Retrouvée au couvent de Broumov, la copie du suaire de Turin est classée monument historique

Le couvent de Broumov, photo: Archives de Radio Praga

La liste des monuments historiques de la République tchèque s'enrichit de la copie du Saint-Suaire de Turin : un drap en lin médiéval qui porte l'empreinte d'une silhouette présentant les traces de blessures correspondant à un crucifiement.

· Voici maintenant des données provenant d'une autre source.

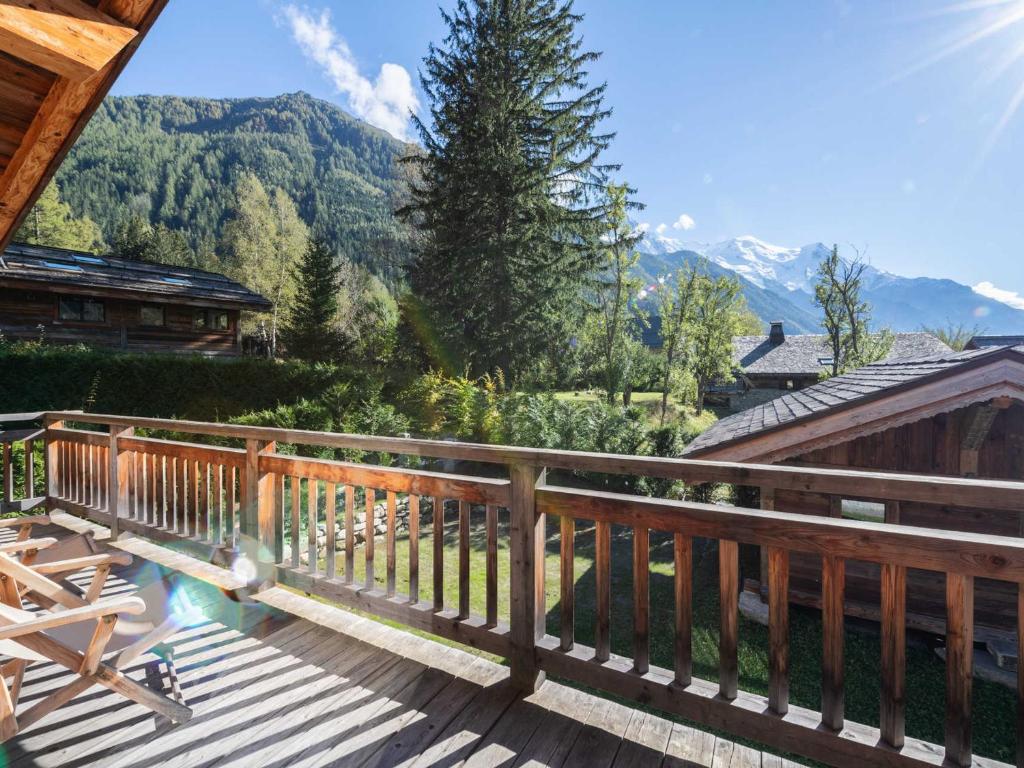 Luxueux Chalet avec Spa et Vue sur Mont Blanc - FR-1-343-253 - Tap to explore photos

La copie de l'objet considéré comme une icône par l'Eglise catholique et vénéré comme une relique, est datée de 1651. Retrouvée en 1999 au couvent de Broumov, elle est l'unique copie du Saint-Suaire de Turin au nord des Alpes.

Le couvent de Broumov,  photo: Archives de Radio Praga
En 1213, le roi de Bohême, Přemysl Otakar Ier, a offert la région de Broumov en Bohême orientale à l'ordre des Bénédictins de Prague-Strahov qui y ont construit un couvent avec l'église dédiée à saint Adalbert. La chapelle Sainte-Croix de cette église est ornée des statues de Joseph d'Arimathie et Nicodème lesquels ont recueilli le corps de Jésus, l'ont enveloppé d'un suaire et déposé dans un tombeau. C'est entre ces deux statues, cachée derrière une décoration en stuc, que la copie du linceul de Turin a été découverte. Le vicaire du couvent de Broumov, Josef Norbert Zeman, est l'un des deux hommes qui ont dévoilé le secret de la chapelle :

« A l'intérieur de la chapelle Sainte-Croix, l'un des murs est orné de décoration en stuc en forme de couronne. L'inscription Sancta Sindon nous signalait que quelque chose ayant trait au Saint-Suaire de Turin pourrait s'y cacher. En janvier 1999, nous sommes descendus dans la chapelle pour sortir le trésor mystérieux de sa cachette. C'était une boîte en bois avec un couvercle vitré. Après l'avoir ouvert, une lettre d'accompagnement datée du 4 mai 1651 et signée à Turin nous disait que l'objet reposant pendant près de 350 ans à son fond était une copie du suaire de Turin. »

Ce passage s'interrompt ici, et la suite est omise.